So the clerk wrapped six bottles into a large, heavy parcel, took the extra bills which she produced and rang them up in his cash register. And meanwhile she gathered her cure under her shawl, and hobbled forth, smiling serenely. It depressed me at the time, but it was none of my business.

Now as I looked at this large building, I wondered how many other hobbling mammies had contributed to its bricks and plate glass—and why.

There was another large building, occupied by a concern called the Ansco Company, which seemed to arouse the liveliest interest in Franklin. He had at some previous time been greatly interested in cameras and happened to know that a very large camera company, situated somewhere in America, had once stolen from this selfsame Ansco Company some secret process relating to the manufacture of a flexible film and had proceeded therewith to make so many millions that the user of the stolen process eventually became one of the richest men in America, one of our captains of great industries.

But the owners of the Ansco Company were dissatisfied. Like the citizens in the ancient tale who are robbed and cry “Stop thief!” they sued and sued and sued in the courts. First they sued in a circuit court, then in a state court of appeals, then in a federal court and then before the United States Supreme Court. There were countless lawyers and bags and bags of evidence: reversals, new trials, stays, and errors in judgment, until finally, by some curious turn of events, the United States Supreme Court decided that the process invented by the Ansco Company really did belong to said Ansco Company and that all other users of the process were interlopers and would have to repay to said Ansco Company all they had ever stolen and more—a royalty on every single camera they had ever sold. So the Ansco Company, like the virtuous but persecuted youth or girl in the fairy tale, was able to collect the millions of which it had been defrauded and live happily ever afterwards.

Leaving Binghamton, we went out along the beautiful Susquehanna, which here in the heart of the city had been parked for a little way, and saw all the fine houses of all the very wealthy people of Binghamton. Then we drove along a street crowded with more and more beautiful homes, all fresh and airy with flowers and lawns and awnings, and at last we came to Johnson City, or Leicestershire as it once was. Here were the remains of a most tremendous American celebration—flags and buntings and signs and a merry-go-round. In front of a new and very handsome Catholic Church which was just building hung a large banner reading “The noblest Roman of them all—R. G. Johnson”—a flare of enthusiasm which I take it must have had some very solid substance behind it. Down in a hollow, was a very, very, very large red factory with its countless windows and great towering stacks and a holiday atmosphere about it, and all around it were houses and houses and houses, all new and all very much alike. You could see that Mr. Johnson and his factory and his protégés had grown exceedingly fast. And in the streets still were wagons with bunting on them and people in them, and we could see that there had just been a procession, with soldiers and boy scouts and girls—but alas, we had missed it.

FLORENCE AND THE ARNO, AT OWEGO

“Well,” I said to Franklin, “now you see how it is. Here is the reward of virtue. A man builds a great business and treats his employés fairly and everybody loves him. Isn’t that so?”
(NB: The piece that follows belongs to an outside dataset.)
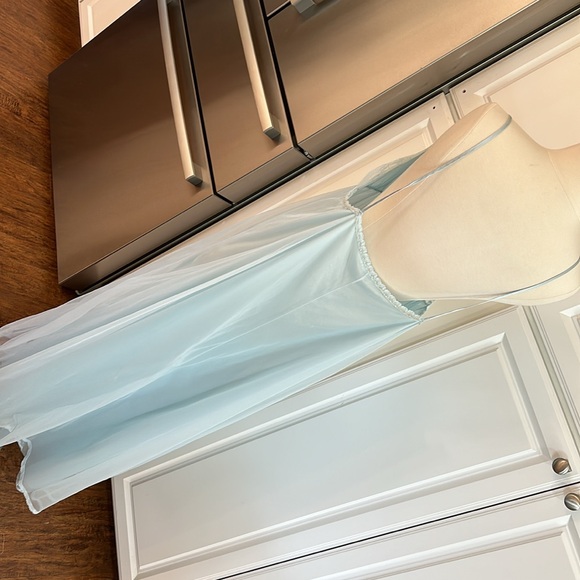 VINTAGE Nightie Slip & Bed Jacket Set - Picture 5 of 12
Franklin merely looked at me. He has a way of just contemplating you, at times—noncommittally.

It was soon after leaving Binghamton that we encountered the first of a series of socalled “detours,” occurring at intervals all through the states of New York, Ohio and Indiana, and which we later came to conclude were the invention of the devil himself. Apparently traffic on the roads of the states has increased so much of late that it has necessitated the repairing of former “made” roads and the conversion of old routes of clay into macadam or vitrified brick. Here in western New York (for we left Pennsylvania at Halstead for awhile) they were all macadam, and in many places the state roads socalled (roads paid for by the money of the state and not of the county) were invariably supposed to be the best. All strolling villagers and rurals would tell you so. As a matter of fact, as we soon found for ourselves, they were nearly always the worst, for they hummed with a dusty, whitey traffic, which soon succeeded in wearing holes in them of a size anywhere from that of a dollar to that of a washtub or vat. Traveling at a rate of much more than ten miles an hour over these hollows and depressions was almost unendurable. Sometimes local motorists and farmers in a spirit of despair had cut out a new road in the common clay, while a few feet higher up lay the supposedly model “state road,” entirely unused. At any rate, wherever was the best and shortest road, there were repairs most likely to be taking place, and this meant a wide circle of anywhere from two or three to nine miles. A wretched series of turns and twists calculated to try your spirit and temper to the breaking point.